A Fast Trip in a Slow Machine: 2009 Opel Vectra 2.2 Wagon
By Roger Boylan
I knew we were in trouble when, after flooring the accelerator to pass a lagging eighteen-wheeler on an uphill grade, I glanced into the rear-view mirror and saw a Toyota Yaris on my tail. After a micro-eternity I managed to pass the truck and pull into the slow lane. The impatient Yaris hurtled past, itself being bullied by a diminutive VW Polo. Both must have been making 80 m.p.h. easily, and either would have been an improvement over the automotive slug I was driving: an Opel Vectra wagon with all the get-up-and-go of a tractor mower.
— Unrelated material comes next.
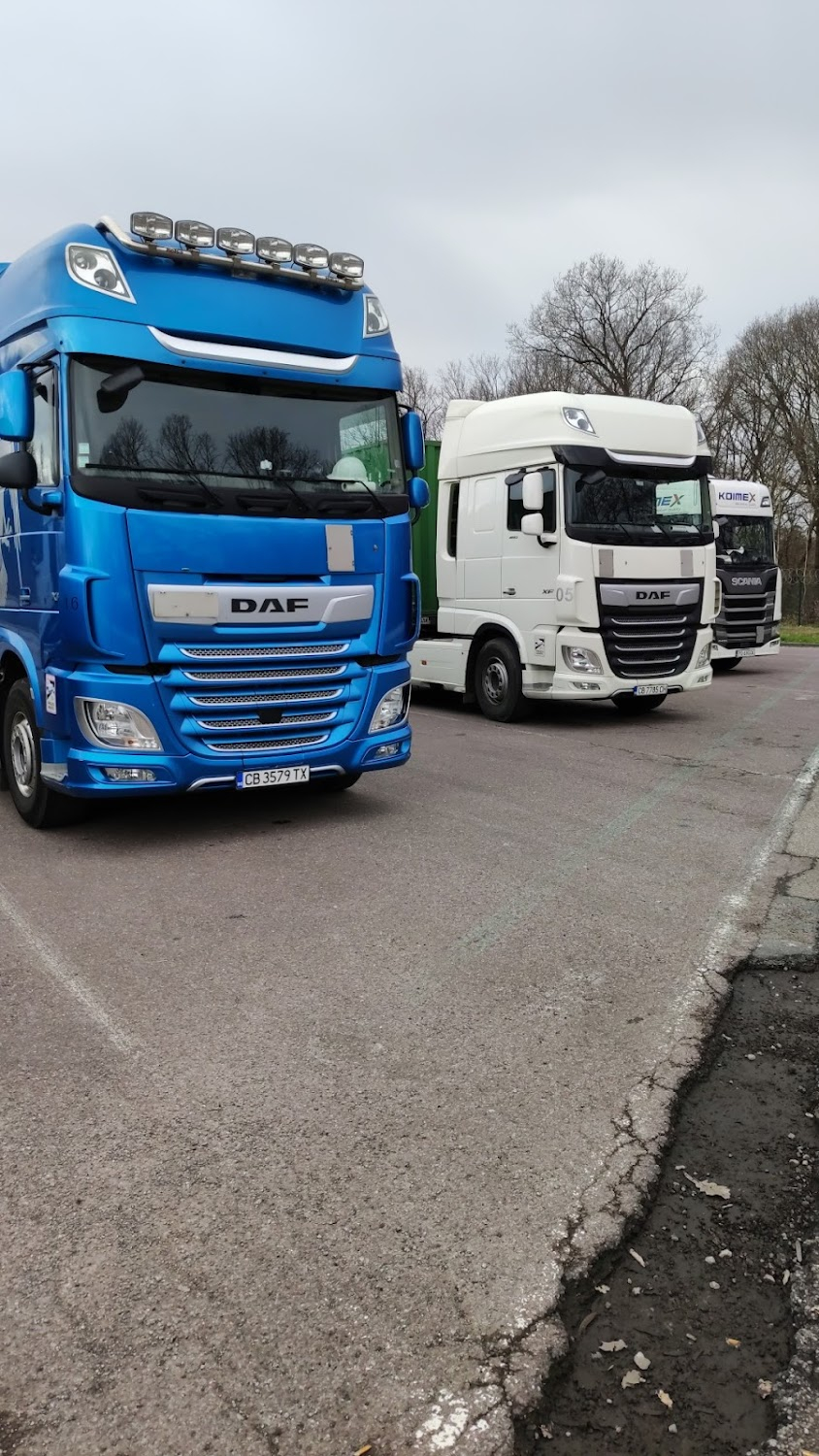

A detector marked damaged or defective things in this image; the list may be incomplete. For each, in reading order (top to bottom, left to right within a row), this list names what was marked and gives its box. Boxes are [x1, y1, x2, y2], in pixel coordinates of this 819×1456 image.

I was driving it in the Swiss and French hinterland of Geneva. Having spent several years of my youth in that lovely city, I took my 16-year-old daughter there on a recon to meet old friends and lay the cultural and social groundwork for her, should she some day be interested in studying there, or working at the U.N., or both.
I’d requested a medium-sized car from Hertz at Geneva airport, and expected a Ford Mondeo. But there I was with a Vectra wagon. It was a handsome enough vehicle, silver and streamlined (closely related to its Saturn Aura/Astra cousins), with gobs of room inside and comfortable cloth-clad seats; but as soon as we drove off, we noticed (and this was through a haze of jet lag) that the car creaked and groaned like a clipper ship rounding Cape Horn. Creaks came from the seatbacks, from the seatbelt buckles, and from the dashboard; suspension groans accompanied us over every speed bump; mysterious cracking and snorting noises could be heard at times when we were sitting in traffic, or parked. Of course, it was a rental car, and it did have 10K kms. on the odometer, but I would have expected a German car to be better built.
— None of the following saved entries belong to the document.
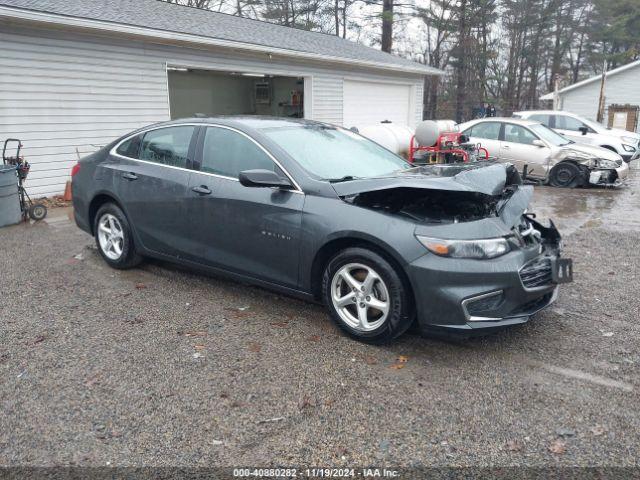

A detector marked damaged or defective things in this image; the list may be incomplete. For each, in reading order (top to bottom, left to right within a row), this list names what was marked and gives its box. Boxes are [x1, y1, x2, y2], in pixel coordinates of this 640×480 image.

crumpled hood [330, 163, 510, 197]
damaged white vehicle [460, 118, 632, 188]
damaged front end [332, 163, 572, 336]
broken headlight [418, 235, 512, 258]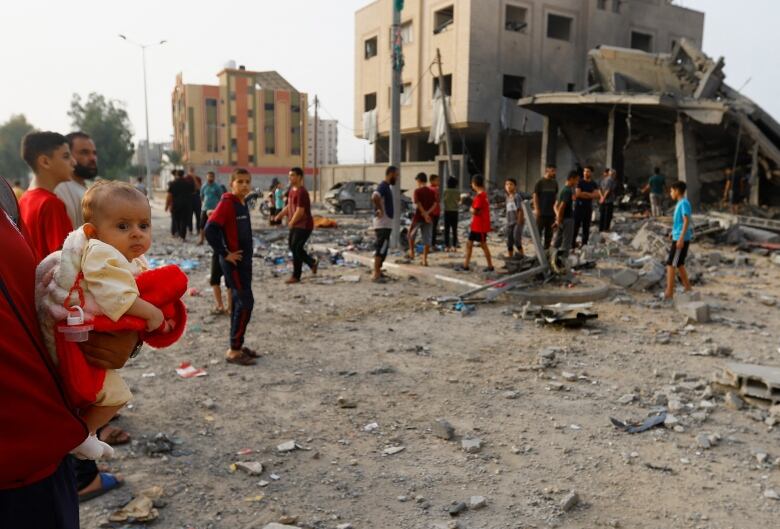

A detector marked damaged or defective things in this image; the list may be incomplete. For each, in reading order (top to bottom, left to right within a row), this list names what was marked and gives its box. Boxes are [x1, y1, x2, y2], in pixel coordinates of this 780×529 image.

damaged multi-story building [354, 0, 708, 188]
damaged multi-story building [516, 38, 780, 208]
broken concrete block [612, 270, 636, 286]
broken concrete block [676, 302, 712, 322]
broken concrete block [432, 418, 458, 440]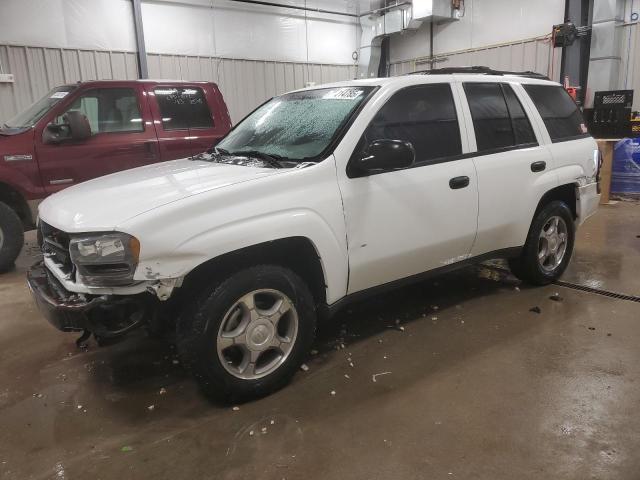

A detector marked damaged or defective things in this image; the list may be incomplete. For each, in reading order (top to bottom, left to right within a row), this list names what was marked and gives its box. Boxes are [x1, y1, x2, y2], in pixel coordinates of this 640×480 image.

damaged front bumper [27, 260, 154, 336]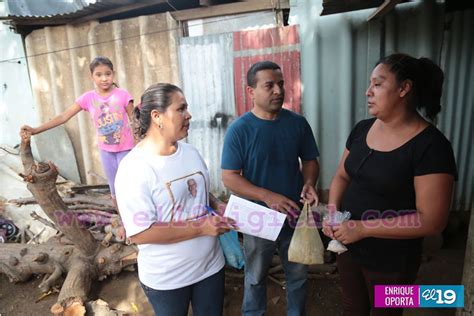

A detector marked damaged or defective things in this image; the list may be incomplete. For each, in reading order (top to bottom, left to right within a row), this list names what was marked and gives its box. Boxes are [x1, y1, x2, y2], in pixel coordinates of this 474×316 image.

rusty metal wall [25, 12, 181, 184]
But, not wanting the boring hassle of exchanging one mediocre car for another, we set off on road trips within Switzerland to Gruyeres, Lausanne, Montreux, and Begnins, and across the border in France to the high Jura, Annecy, and toward the Alps to Chamonix and nearly as far as the Italian border.
Only when it was cranked up on the autoroute did the Opel prove itself a true German car, running effortlessly and creak-free at speeds up to and, I’m afraid, over, the official limits of 120 k.p.h. (70 m.p.h.) in Switzerland and 130 (80) in France. (The manufacturer claims a top speed of 131 m.p.h.) But when we needed a touch more oomph for passing, as described above, we were suddenly back in an underpowered ’50s slowpoke, albeit with a smoother ride and more sophisticated gearbox: The Vectra had a fairly effortless six-speed tranny, but with its 2.2-liter, 154-h.p. engine lugging a full-size wagon’s curb weight, no amount of driver input could goose it into getting out of its own way if it didn’t want to. And it didn’t want to, except on downward grades.
Still, this gave us all the more opportunity to admire the spectacular Alpine scenery, and I had constantly to remind myself that we were in no hurry. At least the brakes worked well, and steering and cornering were excellent, as we discovered in the many switchbacks on our Jura climb; this bespoke a German heritage. The accessories, too, were good: satellite radio, GPS, CD player, and MP3 hookup were all present and accounted for, and easy enough to use after an intensive exploratory session, and the A/C blew cold when needed–which, fortunately, was only about half the time. On the other hand, I never could find a comfortable driving position, and the Vectra had a most annoying little rubbery turn-signal stalk that never seemed capable of holding the signal for more than three clicks either way. And whenever our speed dropped below about 40, there were those creaks and groans again. I swear my old ’82 Datsun B210 ran quieter.
All in all, driving in France and Switzerland is a pleasure that most drivers should experience (but preferably at the wheel of something other than an Opel Vectra). We were struck, for example, by the immaculate condition of the expressways on both sides of the border. In France most autoroutes are privately constructed toll roads, a boon for maintenance costs. In Switzerland, a hefty road tax, levied via an annual window sticker, or “vignette,” helps keep the thoroughfares well-paved and clear of debris. Getting lost on your way to major destinations is almost impossible, so clear and meticulous is the signposting. And there are plenty of laybys and roadside eateries to sustain the long-distance driver.
So don’t waste any more time: go, and happy driving. But make sure your car rental agency doesn’t slip you an Opel Vectra on the sly. Insist on something really sleek and powerful, like a Toyota Yaris.